How to delete UNASSIGNED .watches?

Hi,

The status of my cluster is RED. It seems it will be green if I delete 2 UNASSIGNED ".watches" from the following log. How can I fix this? Thanks.

Blockquote
$ curl -XGET 'http://xxx:9200/_cat/shards'
.watcher-history-3-2017.09.15 0 r STARTED 7200 5.3mb 10.99.30.38 node1
.monitoring-es-6-2017.11.29 0 r STARTED 741817 522.9mb 10.99.30.34 node2
.monitoring-es-6-2017.11.29 0 p STARTED 741817 520.7mb 10.99.23.41 node2
.watches 0 p UNASSIGNED
.watches 0 r UNASSIGNED
.watcher-history-3-2017.10.06 0 p STARTED 6537 5.6mb 10.99.30.34 nod3

Blockquote
$ curl -XGET 'xxx:9200/_cluster/health?pretty'
{
"cluster_name" : "cluster",
"status" : "red",
"timed_out" : false,
"number_of_nodes" : 6,
"number_of_data_nodes" : 6,
"active_primary_shards" : 72,
"active_shards" : 139,
"relocating_shards" : 0,
"initializing_shards" : 0,
"unassigned_shards" : 2,
"delayed_unassigned_shards" : 0,
"number_of_pending_tasks" : 1,
"number_of_in_flight_fetch" : 0,
"task_max_waiting_in_queue_millis" : 0,
"active_shards_percent_as_number" : 98.58156028368793
}

Blockquote
$ curl -XGET 'http://xxx:9200/_cluster/allocation/explain?pretty'
{
"index" : ".watches",
"shard" : 0,
"primary" : true,
"current_state" : "unassigned",
"unassigned_info" : {
"reason" : "CLUSTER_RECOVERED",
"at" : "2017-11-28T14:31:53.291Z",
"last_allocation_status" : "no_valid_shard_copy"
},
"can_allocate" : "no_valid_shard_copy",
"allocate_explanation" : "cannot allocate because all found copies of the shard are either stale or corrupt",
"node_allocation_decisions" : [
{
"node_id" : "xxxplqMrRjWS78Xxxxxxxx",
"node_name" : "node1",
"transport_address" : "xxx:9300",
"node_decision" : "no",
"store" : {
"in_sync" : true,
"allocation_id" : "xxxxxleuSGaMc4m2GVxxxx",
"store_exception" : {
"type" : "corrupt_index_exception",
"reason" : "failed engine (reason: [refresh failed]) (resource=preexisting_corruption)",
"caused_by" : {
"type" : "i_o_exception",
"reason" : "failed engine (reason: [refresh failed])",
"caused_by" : {
"type" : "corrupt_index_exception",
"reason" : "compound sub-files must have a valid codec header and footer: file is too small (0 bytes) (resource=BufferedChecksumIndexInput(MMapIndexInput(path="/path/to/data/nodes/0/indices/xxxx61AmRUW2rwkR8Uxxxx/0/index/_1d31.nvd")))"
}
}
}
}
},
{
"node_id" : "xxxxElcURkqsQYG_hKxxxx",
"node_name" : "node2",
"transport_address" : "xxx:9300",
"node_decision" : "no",
"store" : {
"found" : false
}
},

Hi,
Before deleting or moving the corrupt shards out of the way, can you cat or strings on them to check the content.
Did you recently face any disk or power issues?
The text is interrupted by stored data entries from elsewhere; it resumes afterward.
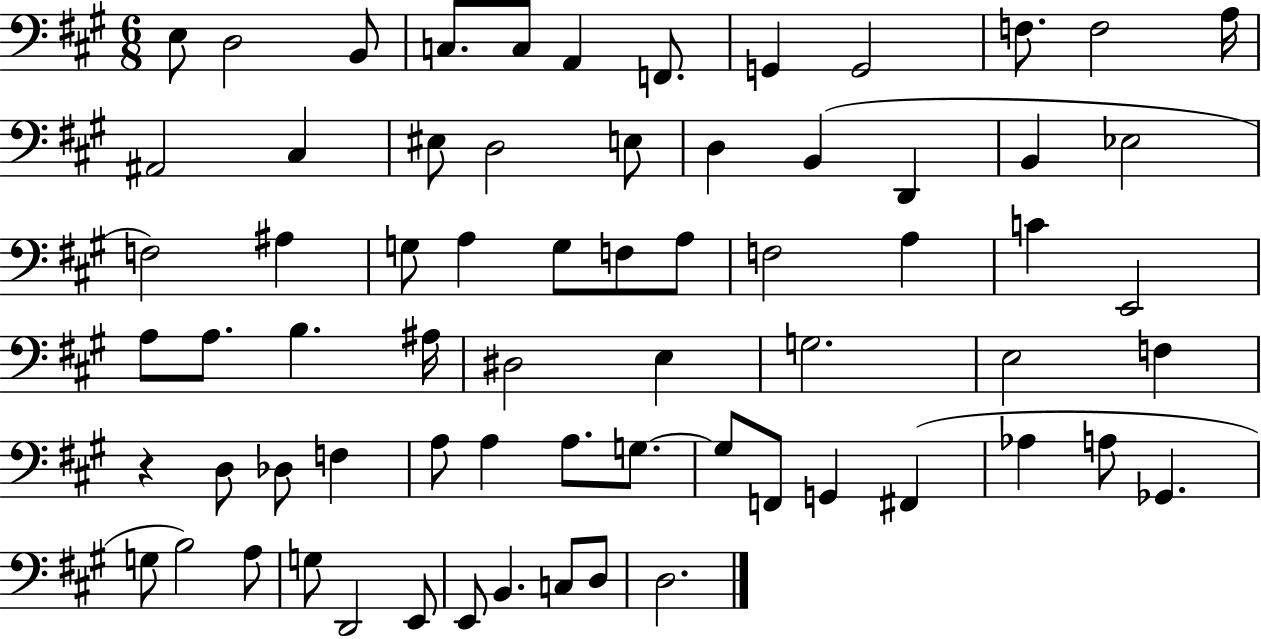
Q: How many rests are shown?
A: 1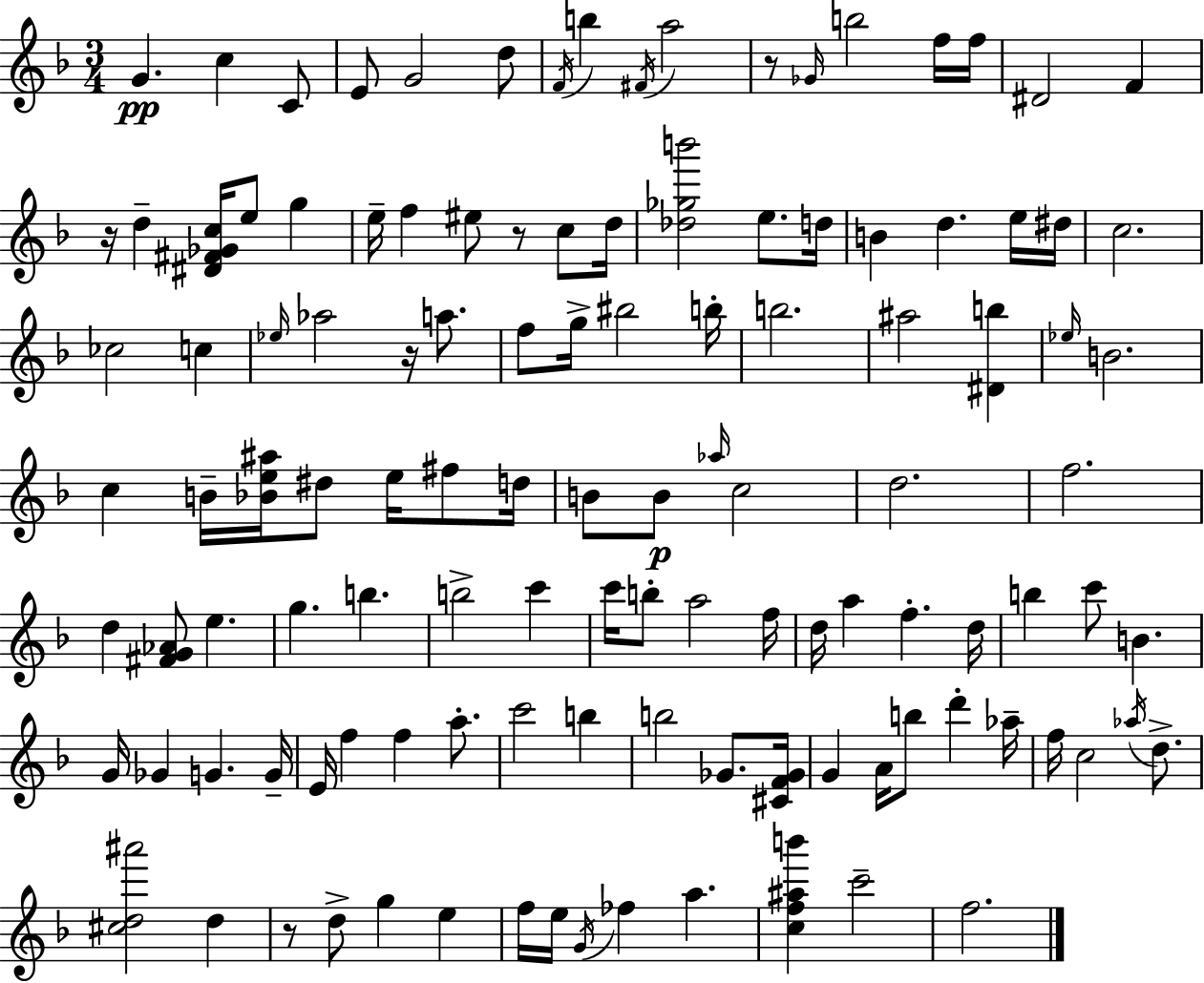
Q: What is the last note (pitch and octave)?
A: F5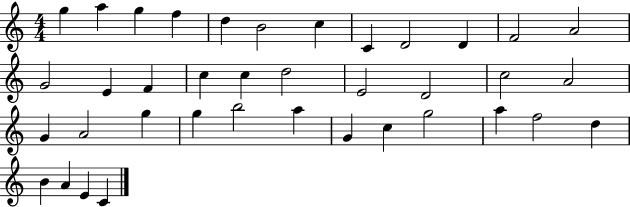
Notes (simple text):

G5/q A5/q G5/q F5/q D5/q B4/h C5/q C4/q D4/h D4/q F4/h A4/h G4/h E4/q F4/q C5/q C5/q D5/h E4/h D4/h C5/h A4/h G4/q A4/h G5/q G5/q B5/h A5/q G4/q C5/q G5/h A5/q F5/h D5/q B4/q A4/q E4/q C4/q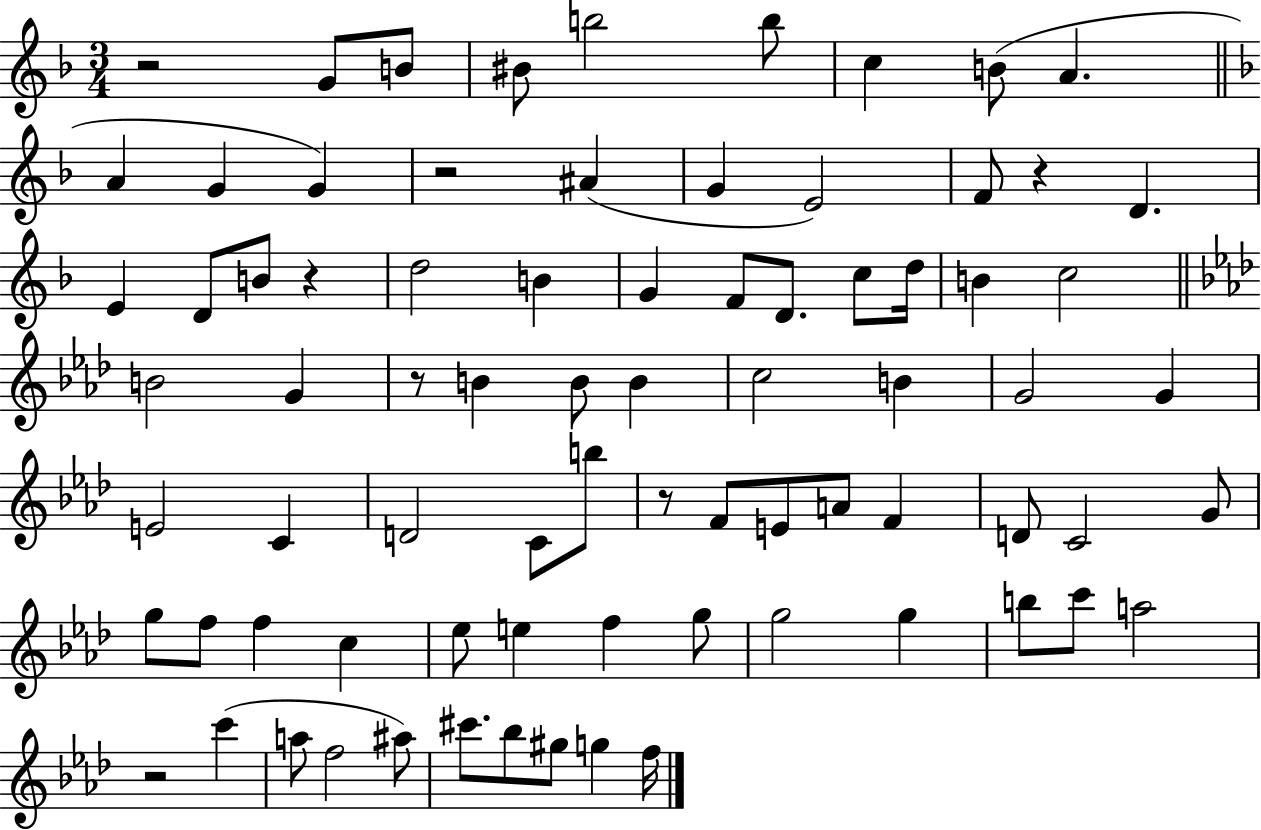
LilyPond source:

This is the cat result. This node already exclude from cluster by re-routing. And the data seems very old to me. It can be deleted.
I dont't know the reason. Maybe because of power issue.

Blockquote
curl -XGET 'http://xxx:9200/_cat/indices/.watches?pretty'
red open .watches 0aRC61AmRUW2rwkR8xxxxx 1 1

the reason seems to indicate that a file has a size of zero, even though it should have contents. This indicates an issue with the files on disk (this can be an clearing of the file by an admin, a corrupt disk or a bug in lucene, an unfinished recovery that was aborted before the other node completely vanished).

if you have more indications what happened due to having more logs, I'd be happy to take a look.

Can you explain what you mean with 'This node already exclude from cluster by re-routing' - has this node split away from the cluster and still is a master? If thats the case, then you should check your cluster configuration, especially with regards to the minimum master nodes setting.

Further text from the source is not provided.